§ **WORK INSTRUCTION**: Give back the full listing verbatim, apart from its images.

§ **DATA BLOCK**:

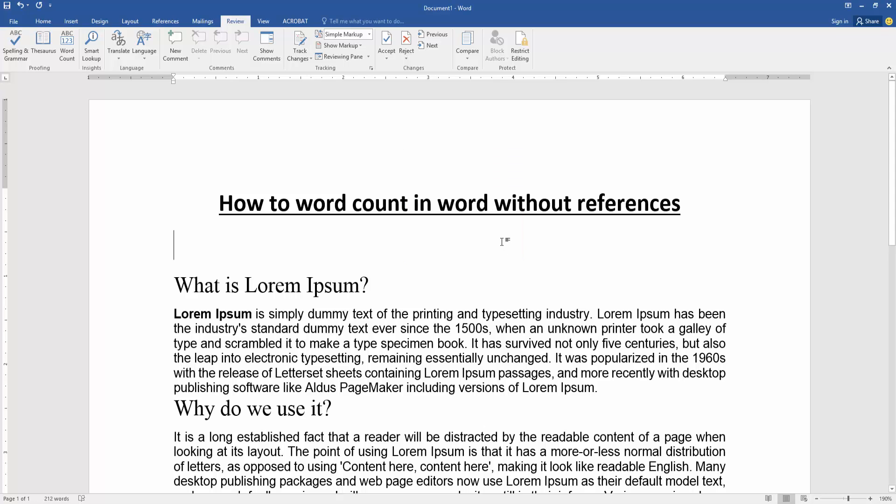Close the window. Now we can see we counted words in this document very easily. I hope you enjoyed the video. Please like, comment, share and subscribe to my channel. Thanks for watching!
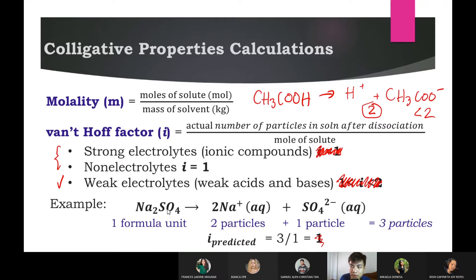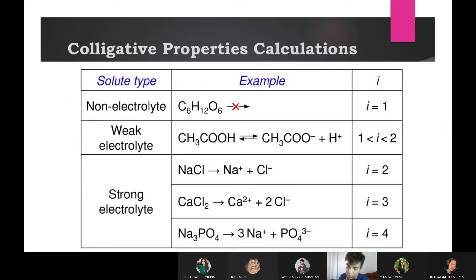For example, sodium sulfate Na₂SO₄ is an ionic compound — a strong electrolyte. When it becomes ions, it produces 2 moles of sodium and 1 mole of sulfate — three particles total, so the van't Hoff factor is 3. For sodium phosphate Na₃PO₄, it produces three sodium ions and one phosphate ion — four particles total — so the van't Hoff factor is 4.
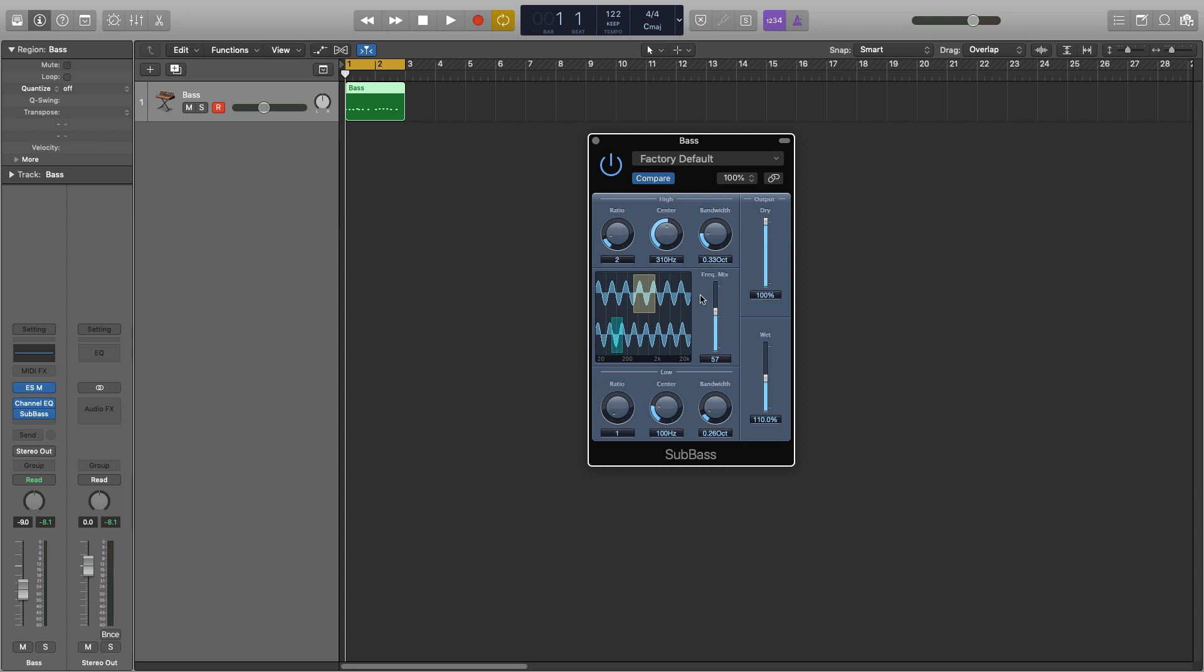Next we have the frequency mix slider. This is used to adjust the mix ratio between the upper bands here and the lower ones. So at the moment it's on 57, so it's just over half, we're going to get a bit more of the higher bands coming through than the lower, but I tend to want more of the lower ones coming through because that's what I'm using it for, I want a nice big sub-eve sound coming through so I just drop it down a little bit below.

§ **EXPECTED ANSWER**:
Close the window. Now we can see we counted words in this document very easily. I hope you enjoyed the video. Please like, comment, share and subscribe to my channel. Thanks for watching!
For example, sodium sulfate Na₂SO₄ is an ionic compound — a strong electrolyte. When it becomes ions, it produces 2 moles of sodium and 1 mole of sulfate — three particles total, so the van't Hoff factor is 3. For sodium phosphate Na₃PO₄, it produces three sodium ions and one phosphate ion — four particles total — so the van't Hoff factor is 4.
Next we have the frequency mix slider. This is used to adjust the mix ratio between the upper bands here and the lower ones. So at the moment it's on 57, so it's just over half, we're going to get a bit more of the higher bands coming through than the lower, but I tend to want more of the lower ones coming through because that's what I'm using it for, I want a nice big sub-eve sound coming through so I just drop it down a little bit below.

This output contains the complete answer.